Thread: What type of index do I need for this JOIN?

What type of index do I need for this JOIN?

From
Robert James
Date:
I'm doing a JOIN which is very slow:

JOIN t ON t.f1 LIKE (q.f1 || '%')

t1 has an INDEX on (f1, f2) which I thought would help for this.  But
Postgres seems to still use a (very slow) Nested Loop.  What type of
index would be appropriate for this?

(My goal is to join on a substring starting from the first character)

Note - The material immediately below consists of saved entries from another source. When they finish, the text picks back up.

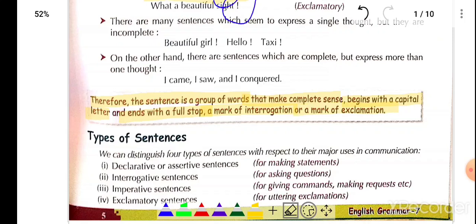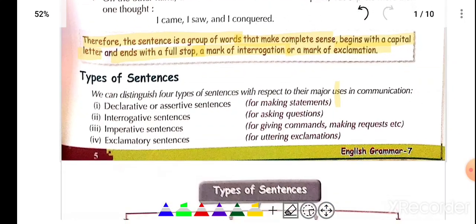Any group of words that makes complete sense — for example, 'That is a boy,' 'Here is a very big school,' 'My school name is Guru Hargobind Public Fathigarh' — these are all sentences that give complete information with no doubt. So the definition: a group of words that makes complete sense, begins with a capital letter, and ends with a full stop, a mark of interrogation, or a mark of exclamation.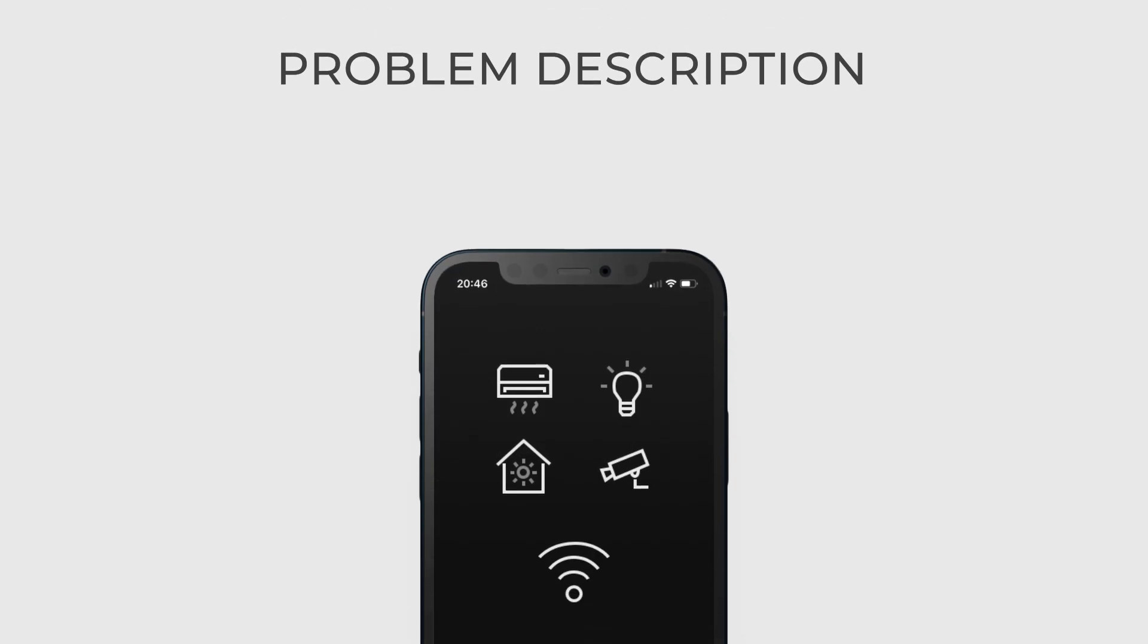Imagine that you are developing an application on a mobile phone that is a smart home system. Your application should connect to various devices like lights, heating, air conditioning, security cameras and so on.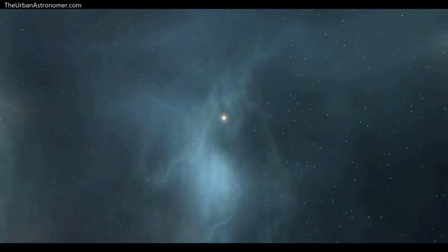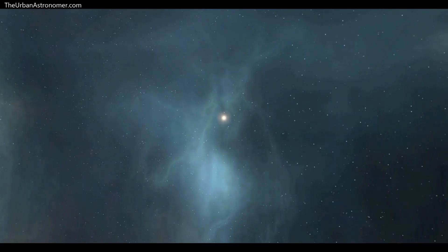Hey folks, this is Vineet from TheUrbanAstronomer.com. As we know, Betelgeuse went through an unprecedented dimming towards the end of 2019 and the beginning of 2020.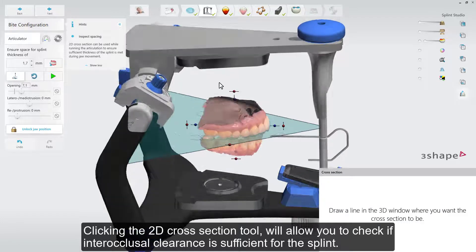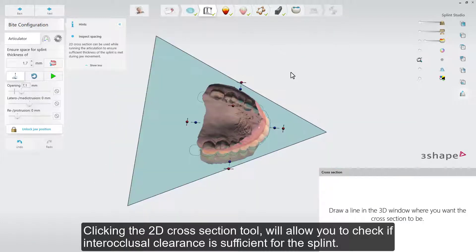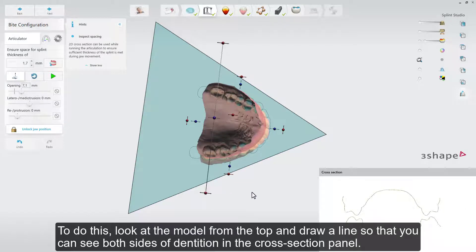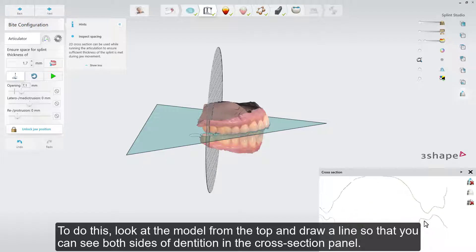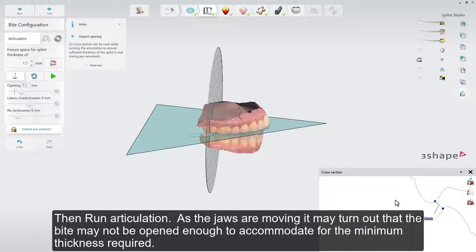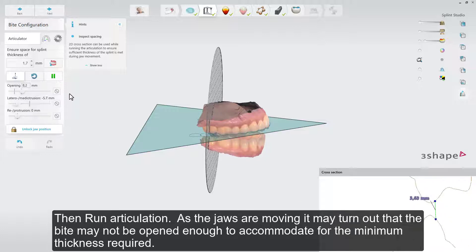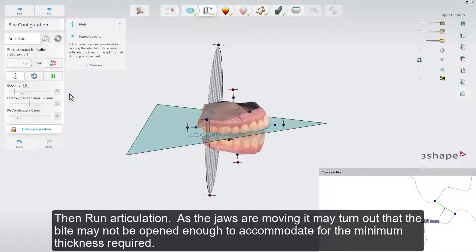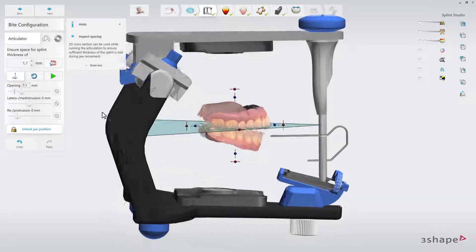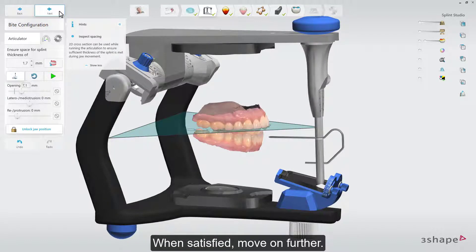Clicking the 2D cross-section tool will allow you to check if inter-occlusal clearance is sufficient for the splint. Look at the model from the top and draw a line so that you can see both sides of the dentition in the cross-section panel. Use the control points to move or rotate the plane if needed. Find the narrowest point of the cross-section and take a measurement to check it. Then run Articulation. As the jaws are moving, it may turn out that the bite may not be opened enough to accommodate the minimum thickness required. When satisfied, move on further.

Re: What type of index do I need for this JOIN?

From
Craig Ringer
Date:
On 08/14/2013 06:05 AM, Robert James wrote:
> I'm doing a JOIN which is very slow:
>
> JOIN t ON t.f1 LIKE (q.f1 || '%')
>
> t1 has an INDEX on (f1, f2) which I thought would help for this.  But
> Postgres seems to still use a (very slow) Nested Loop.  What type of
> index would be appropriate for this?

You'll need a text_pattern_ops index.

http://www.postgresql.org/docs/current/static/indexes-opclass.html

http://www.postgresql.org/docs/current/static/indexes-types.html

"The optimizer can also use a B-tree index for queries involving the
pattern matching operators LIKE and ~ if the pattern is a constant and
is anchored to the beginning of the string — for example, col LIKE
'foo%' or col ~ '^foo', but not col LIKE '%bar'. However, if your
database does not use the C locale you will need to create the index
with a special operator class to support indexing of pattern-matching
queries; see Section 11.9 below."

--
 Craig Ringer                   http://www.2ndQuadrant.com/
 PostgreSQL Development, 24x7 Support, Training & Services


Re: What type of index do I need for this JOIN?

From
Robert James
Date:
On 8/13/13, Craig Ringer <craig@2ndquadrant.com> wrote:
> On 08/14/2013 06:05 AM, Robert James wrote:
>> I'm doing a JOIN which is very slow:
>>
>> JOIN t ON t.f1 LIKE (q.f1 || '%')
>>
>> t1 has an INDEX on (f1, f2) which I thought would help for this.  But
>> Postgres seems to still use a (very slow) Nested Loop.  What type of
>> index would be appropriate for this?
>
> You'll need a text_pattern_ops index.
>
> "The optimizer can also use a B-tree index for queries involving the
> pattern matching operators LIKE and ~ if the pattern is a constant and
> is anchored to the beginning of the string — for example, col LIKE
> 'foo%' or col ~ '^foo', but not col LIKE '%bar'. However, if your
> database does not use the C locale you will need to create the index
> with a special operator class to support indexing of pattern-matching
> queries; see Section 11.9 below."

I'm confused: What's the difference between
  col LIKE  'foo%'
and
  col LIKE f1 || '%'
?
Either way, it's anchored to the beginning of the string.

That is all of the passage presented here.